“So what went wrong?” people have asked me since the news broke that the giant Borders chain has declared bankruptcy. They’re assuming that because I’m a long-time journalist in Ann Arbor, where the chain is headquartered, I have some inside knowledge of its failure that the business pundits lack. I don’t.
What I do know what “Store Number One,” as it was later called, strove to be; in the early days, I worked there–the worst clerk in a store whose manager was ambitious to make it one of the very best bookstores in the country.
“You should be proud,” another clerk told me when I was hired at the store in August 1978. “Lots of very qualified people applied for your job.”
A young liberals art grad with no practical skills, I was proud. Borders didn’t pay much, but the job had prestige; locals took great pride in their jewel of a bookstore, so dazzling in its inventory. Started in a tiny storefront by brothers Tom and Louis Borders seven years earlier, the store was now housed in a spacious, two-floor building close to the University of Michigan campus. Book lovers drove from across the state and beyond to peruse sections ranging from Sci Fi to Economics to Women’s Studies–a decided contrast to the offerings of the mall stores, heavy with bestsellers and romances.
I stood meekly the day the store’s pipe-smoking, laconic manager, Joe Gable looked at my resume, unimpressed. “Another writer,” he drawled. “What we need are people who can work the cash register.” Still, he let me take The Test, the legendary questionnaire (eventually dropped, as the stores multiplied) that determined whether you were worthy to serve Borders customers. “In what section would you find books by Laura Ingalls Wilder? About Mahler?” I never learned my score, but a week later I joined the disciplined world maintained by Gable, a Ph.D. dropout to whom Tom and Louis had given complete control.
During my shifts I moved from the cash register to working the floor (“May I help you find something?”) to unloading boxes in the basement to inspecting my assigned sections. Long-time clerks got the dream sections–history, literature. As the newest hire, I inherited Sailing, Games (bridge, chess, even one tome on darts), Wrestling. Once, in a fit of the sulks, I didn’t shelve the sailing books for three days–until Joe caught on, and chewed me out.

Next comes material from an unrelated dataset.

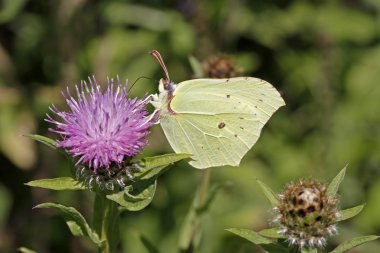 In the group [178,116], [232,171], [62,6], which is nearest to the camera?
[178,116]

He and I soon realized that I was not his idea of an exemplary bookseller. It was not enough to be nice to customers and to know that Daniel Deronda didn’t work there. My sections were often sloppy (Joe detested books sticking out), and I was slow on the cash register. In my seven months there, I never learned to change the register ribbon; Joe watched, disgusted, while other clerks scrambled to help. It was rumored that he had never fired anyone; with me, he came close.
My humiliations were alleviated by my status as a Borders insider, the twenty percent employee discount, and the staff’s unabashed passion for books. “What are you reading?” was a daily greeting. Gable reinforced our sense that in connecting people to books we were doing something important. He was caught in the excitement of building what he believed was one of the bookstores in the country, and even the store’s worst clerk, me, felt I was part of something important.
Back then, no one except perhaps the close-mouthed brothers dreamed that our Borders would spawn hundreds of clones and then the world. In that cloning, the stores would become something less than what Store Number One had been but would make Borders a household word and revolutionize the world of bookselling. It would also force the closing of a lot of independents, whose former owners probably experienced a heady moment when they heard of the bankruptcy.
For long-time Ann Arbor residents, watching the Borders phenomeon play itself out has been a bewildering, and sometimes sad experience. A number of depressing comments have been made recently about how Store Number One appears disorganized and low on stock (books, not cards or calendars). The approaching train wreck has been apparent for some time, but maybe people who love books have trouble seeing it, always wanting a happy ending.